She did not put the tree up until a few days before and then it came down the next day.


----------



## Adelais

sczinger said:


> She did not put the tree up until a few days before and then it came down the next day.


That is weird. Who puts up the tree a few days before and takes it down the day after Christmas.


----------



## Wolf1974

This is a marathon not a sprint. Don’t worry my friend this does get easier


----------



## Marc878

sczinger said:


> She did not put the tree up until a few days before and then it came down the next day.


Translation: the grass wasn't Greener like I thought. I only screwed him for a couple months or so.

I know you can get over this and take me back and we'll rug sweep this.

The next time I cheat I promise I'll hide it better so you don't find out.
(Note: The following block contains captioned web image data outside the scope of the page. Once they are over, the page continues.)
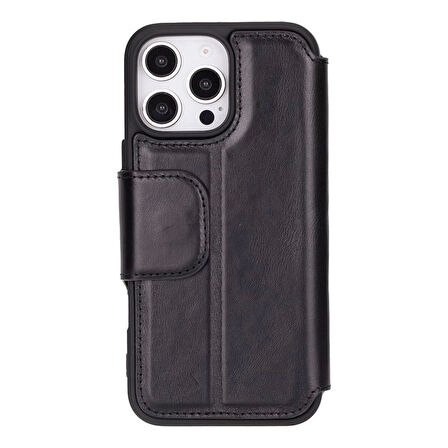 Apple iPhone 16 Pro Max uyumlu, Hakiki Deri, El Yapımı, Cüzdanlı Kılıf, Parlak Siyah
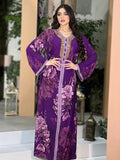 Abaya Women Dubai Retro Ethnic Printing Diamonds V-Neck Full Sleeve Clothing Loose Casual Muslim Arab Female Long Dress Purple Dress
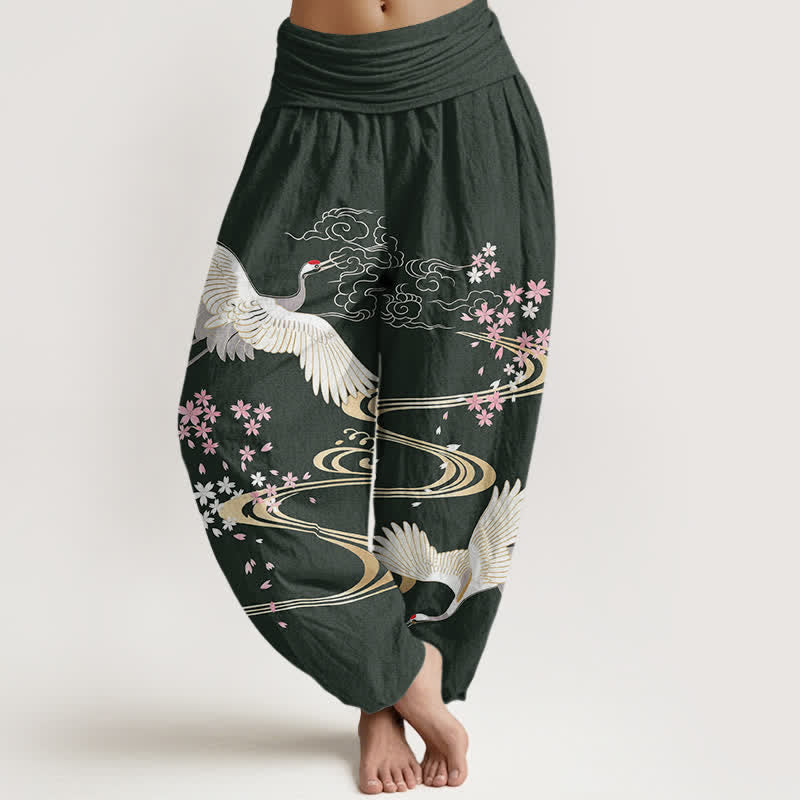 Buddha Stones Cotton Crane Sakura Pattern Women's Elastic Waist Harem Pants - DarkGreen - US16，UK/AU20，EU48 (3XL) - image 5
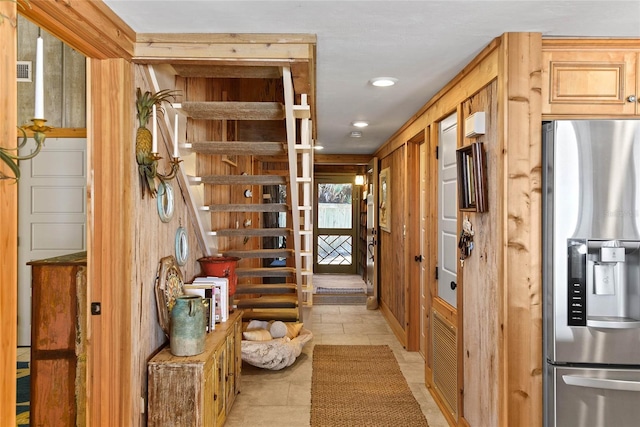 corridor featuring visible vents and recessed lighting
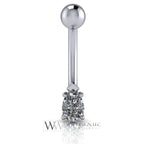 Diamond Pear Genuine 0.25 ct F-H VS Belly Navel Ring Curved Barbell 14k Gold Yellow White Rose 14g Gift 5.5x3.5mm Pear Diamond Body Jewelry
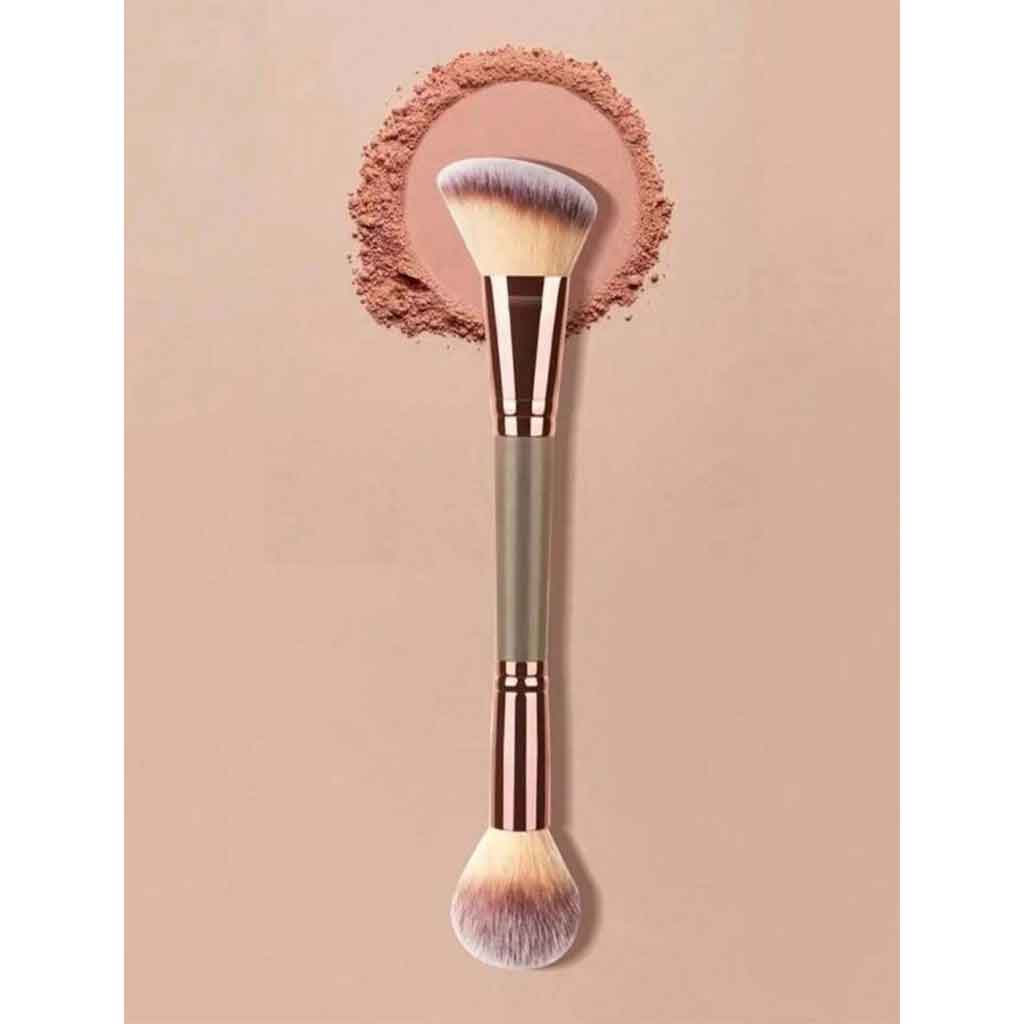 1pc Champagne-Colored Double-Ended makeup Brush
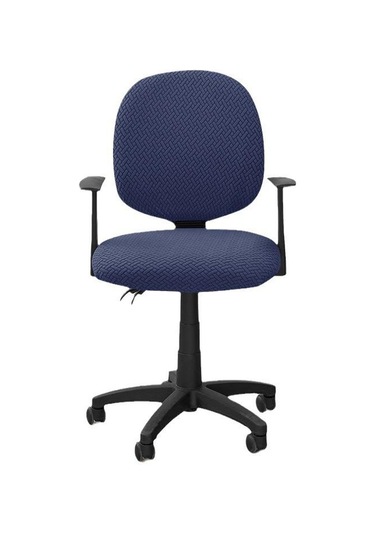 1 Set Ofis Koltuğu Kılıfları Elastikoyun Koltuğu Kılıfları Kaldırılabilir Çıkarılabilir Bilgisayar Koltuğu Kılıfı Döner Lacivert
I really chose you. It was always you. A girl just needs a little strange every now and then.

I know you'll understand xoxoxoxo. Let me know when I can move back in.


----------



## Decorum

I would hold out for snot bubbles before you dash her hopes, those are a preneial favorite here!


----------



## sczinger

Snot bubbles... That's funny. I still need to go to the garage and pull all the ornaments out. I'm not going to go through them. Anything of mine was given to me by her or her parents(whom I adore). I'll just let her have them all... I have no need for them or any memory they may trigger...


----------



## GusPolinski

“Well I looked but couldn’t find them. Must have thrown them out along with everything else that you left.”


----------



## Blondilocks

Decorum said:


> I would hold out for snot bubbles before you dash her hopes, those are a preneial favorite here!


I actually had to google 'preneial' only to discover that you might have meant 'perennial'. Dang, thought I was going to learn a new word.:grin2:


----------



## BarbedFenceRider

Hang tight....Don't fall for the holiday sh!t test...


----------



## sczinger

BarbedFenceRider said:


> Hang tight....Don't fall for the holiday sh!t test...


What is the holiday **** test? That sounds horrible. LOL.


----------



## BarbedFenceRider

Thanksgiving, Christmas, New Years....Pining for the ole' days. Melancholic look back to all that was lost. When you mentioned she wanted the "decorations" back, it sent off warning bells.


----------



## Andy1001

Blondilocks said:


> I actually had to google 'preneial' only to discover that you might have meant 'perennial'. Dang, thought I was going to learn a new word.:grin2:


Preneial is a perfectly cromulent word.
Or is it an antonym?


----------



## sczinger

BarbedFenceRider said:


> Thanksgiving, Christmas, New Years....Pining for the ole' days. Melancholic look back to all that was lost. When you mentioned she wanted the "decorations" back, it sent off warning bells.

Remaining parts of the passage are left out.